7.2 Inconsistency: agentFactoryAnalyze names a policy where a provider is expected

agentFactoryAnalyze declares @defaultProvider("strongReasoning"), but strongReasoning is a policy, not a provider (grep -c "provider strongReasoning" dsl/providers/providers.memql → 0). The si()/InvokeSIStructured path resolves @defaultProvider as a registry provider name, not a policy. StructuredChatProviderByName("strongReasoning") therefore returns nil, and the call silently falls back to the default structured-capable provider (per the chain in §7.1). So agentFactoryAnalyze does not actually run on the Sonnet→Pro→Gemini chain its name implies — it lands on whatever StructuredChatProvider() picks (preference order chat54, chat54Mini, chat54Nano, chat54Pro, chat53Latest). This is a benign-but-misleading misconfiguration: the prompt path and the router policy path are two different resolution systems, and a policy name leaked into a provider slot. The router's policy chain only applies on the agent-reply path (ResolveStreamWithTools with PolicyName), not on the si() prompt path.

7.3 Two SI call styles

  • Structured-output prompts (routing, suggest, classification, factory/intake decisions) use CallChatStructured with a JSON schema — OpenAI's json_schema response format with Strict constrained decoding when available. On empty content the OpenAI client surfaces the real cause (finish_reason=length, content_filter, refusal) instead of bubbling a confusing "unexpected end of JSON input."
  • Prose prompts (agent replies to users) use regular streaming chat through the router's ResolveStreamWithTools path, where policies and fallback chains apply.

8. Admin surface

The router integration exposes three DSL-callable capabilities backing the CoPresent /router/* admin pages (Source: integrations/router/integration.go):

  • setApiKey — encrypt + persist a BYOK vendor key as v1:platform:partitionSecret (see §2.1 for the activation gap).
  • listModels — flatten every registered provider (text, TTS, STT, embedding modalities) with vendor, model, pricing, context window, and availability into v1:router:modelcatalog rows.
  • listPolicies — dump every routing policy with its ProviderChain(), latency targets, and preferred roles into v1:router:policycatalog rows.

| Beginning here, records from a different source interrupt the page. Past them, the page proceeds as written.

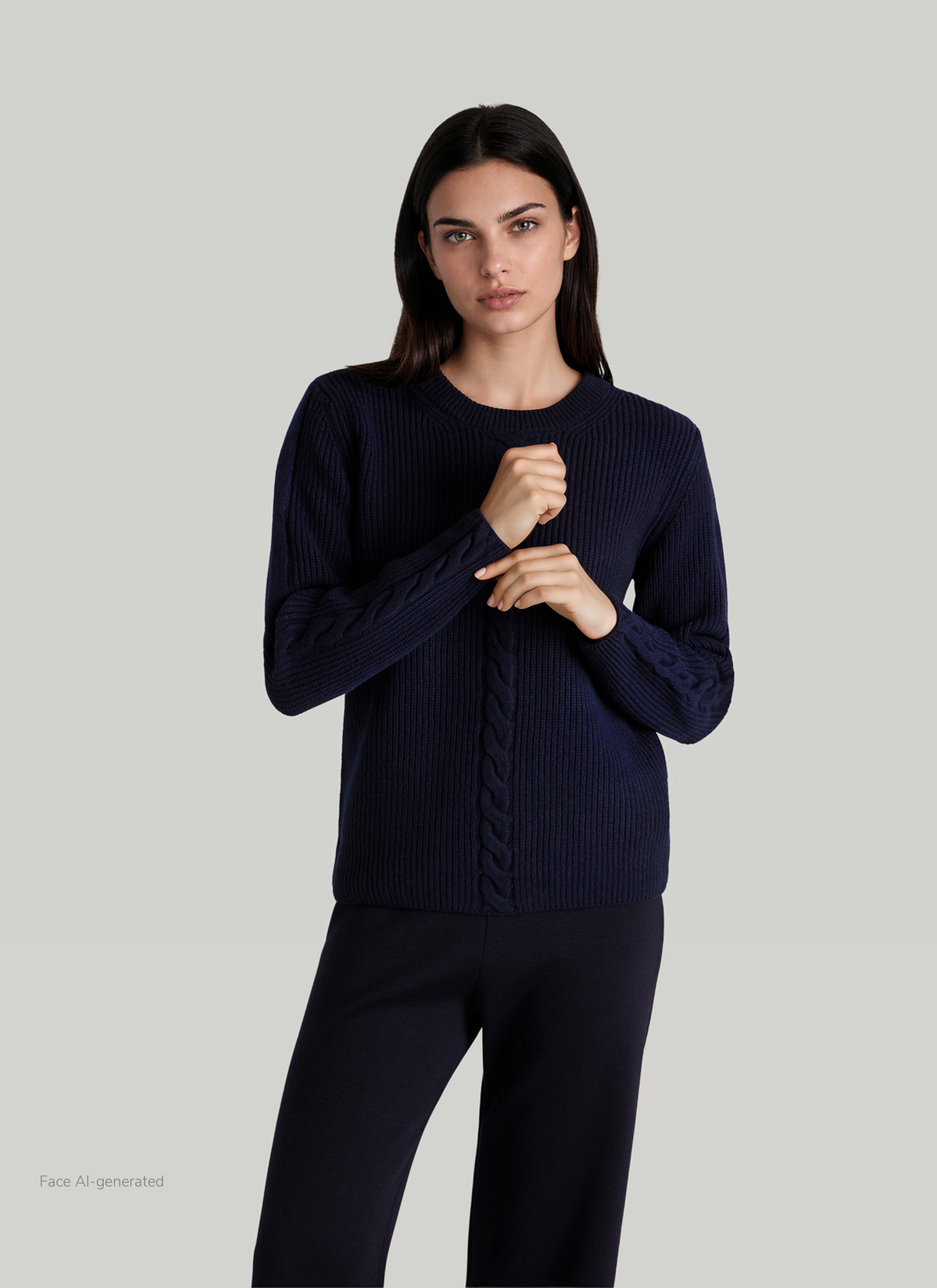 Pullover Rundhals 1/1 Arm, Navy Frontansicht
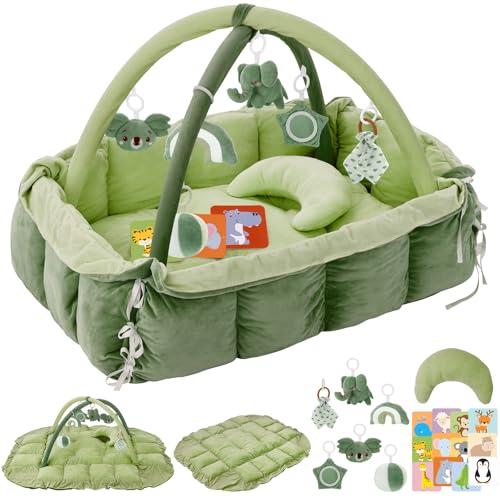 Image of 5-in-1 Plush Baby Play Gym & Activity Mat, Baby Play Mats, Baby Gym with Convertible Design, Tummy Time Mat with Pillow, 6 Sensory Toys for Newborn to Toddler, Green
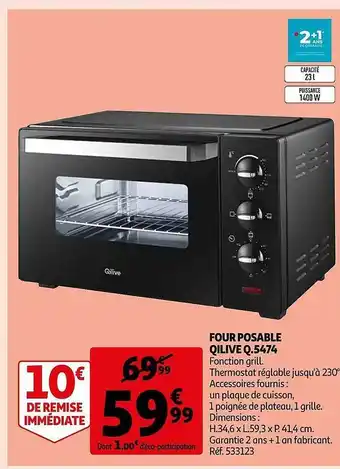 Auchan Four posable qilive q.5474 offre
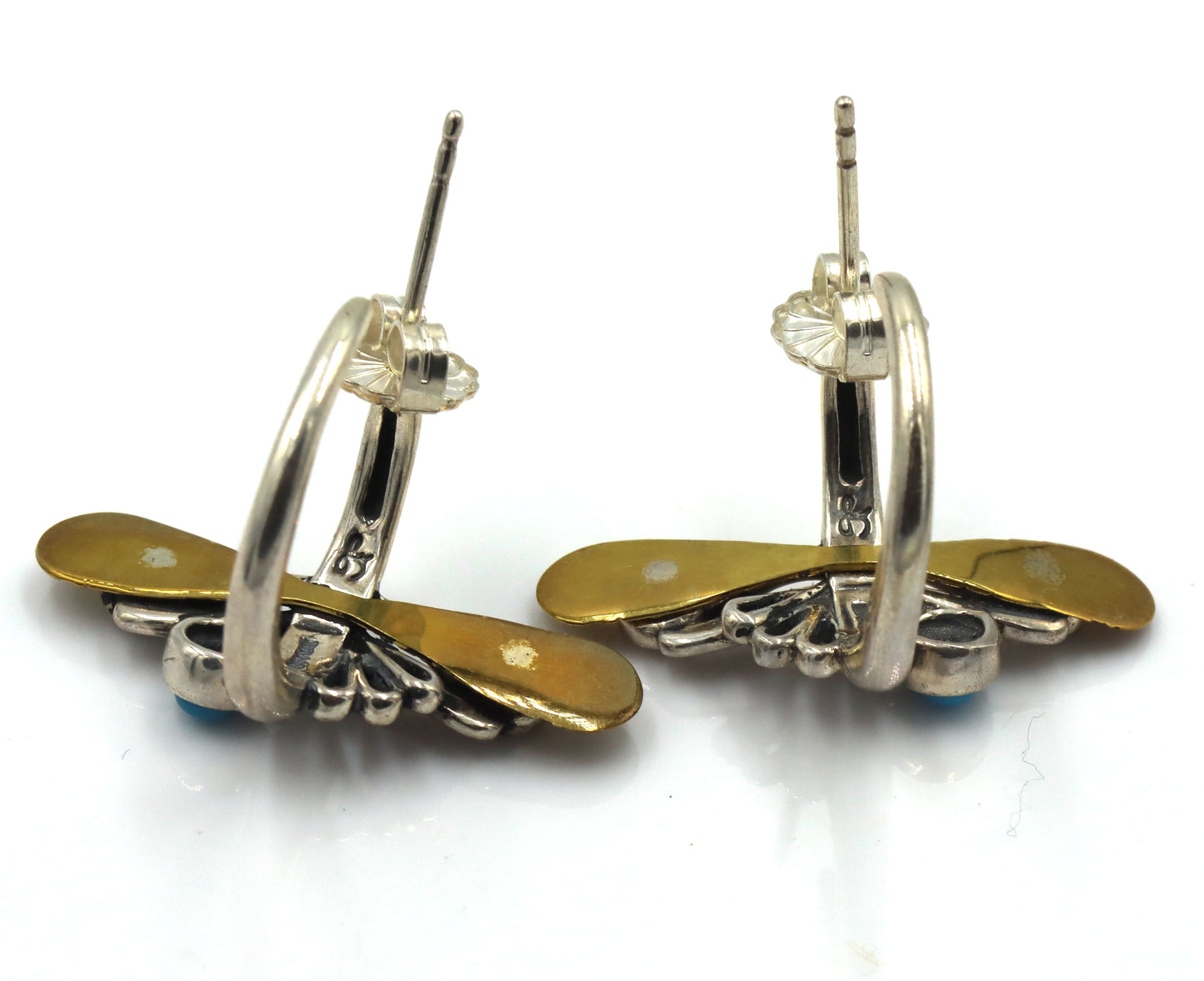 Carolyn Pollack sterling silver brass gemstone earrings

9. Summary of resolution paths

CallerResolution mechanismPolicies apply?Fallback chain?
Agent reply (prose, tools)Router ResolveStreamWithTools with PolicyNameYesYes (pre-flight)
si() / InvokeSIStructured prompt@defaultProvider resolved as registry provider nameNoGraceful provider-class fallback (not policy chain)
EmbeddingsEmbeddingProvider(name), default embedding3SmallNoNo
TTSTTSProviderByName / modality scan (real registry client)NoNo
STTNot a registry path — integrations/stt/ package (openai_whisper.go etc.); the whisper1 registry provider is a placeholderNoNo
Voice turnRouter with lowLatencyVoice policy (via voice_mode hint)YesYes

The two systems to keep distinct: provider names (registry entries, what a .memql provider declares and what si() resolves) versus policy names (chains in dsl/policies/policies.memql, consumed only by the router's reply/voice path). The agentFactoryAnalyze case in §7.2 is exactly the bug you get when those two namespaces are crossed.